• **Directions**:
An exact copy of all the lines below is required, with every image left out.

• **Given data**:
☆ ☆ ☆
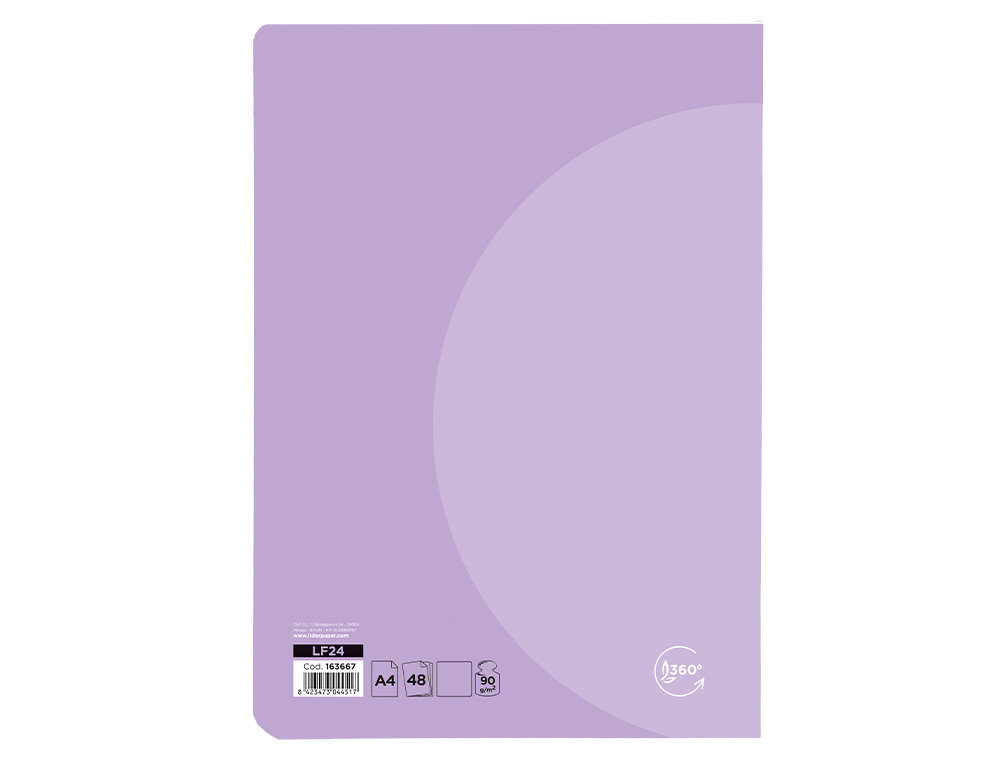 CADERNO AGRAFADO LIDERPAPEL 360 CAPA DE PLASTICO DIN A5 48 F 90 GR LISO SEM MARGEM CORES PASTEL SORTIDAS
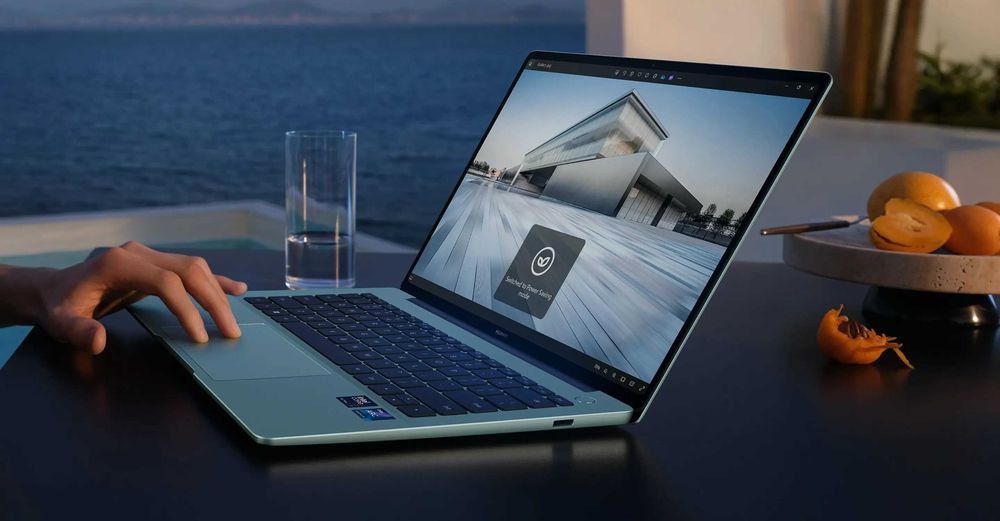 Лаптоп Huawei Matebook 14s Spruce Green, touch screen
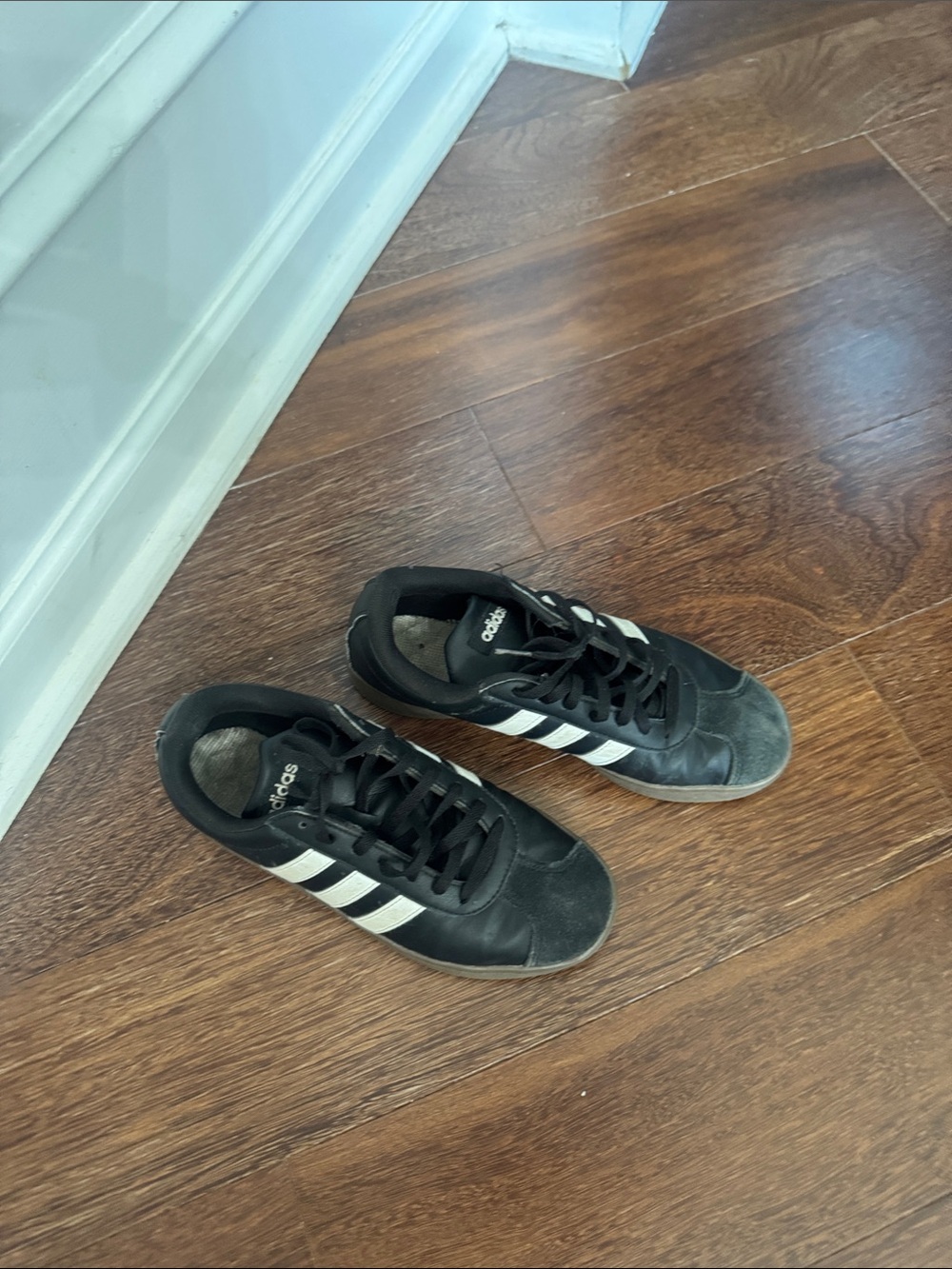 adidas Black & White Low-Top Sneakers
☆ ☆ ☆
• **Response**:
 CADERNO AGRAFADO LIDERPAPEL 360 CAPA DE PLASTICO DIN A5 48 F 90 GR LISO SEM MARGEM CORES PASTEL SORTIDAS
 Лаптоп Huawei Matebook 14s Spruce Green, touch screen
 adidas Black & White Low-Top Sneakers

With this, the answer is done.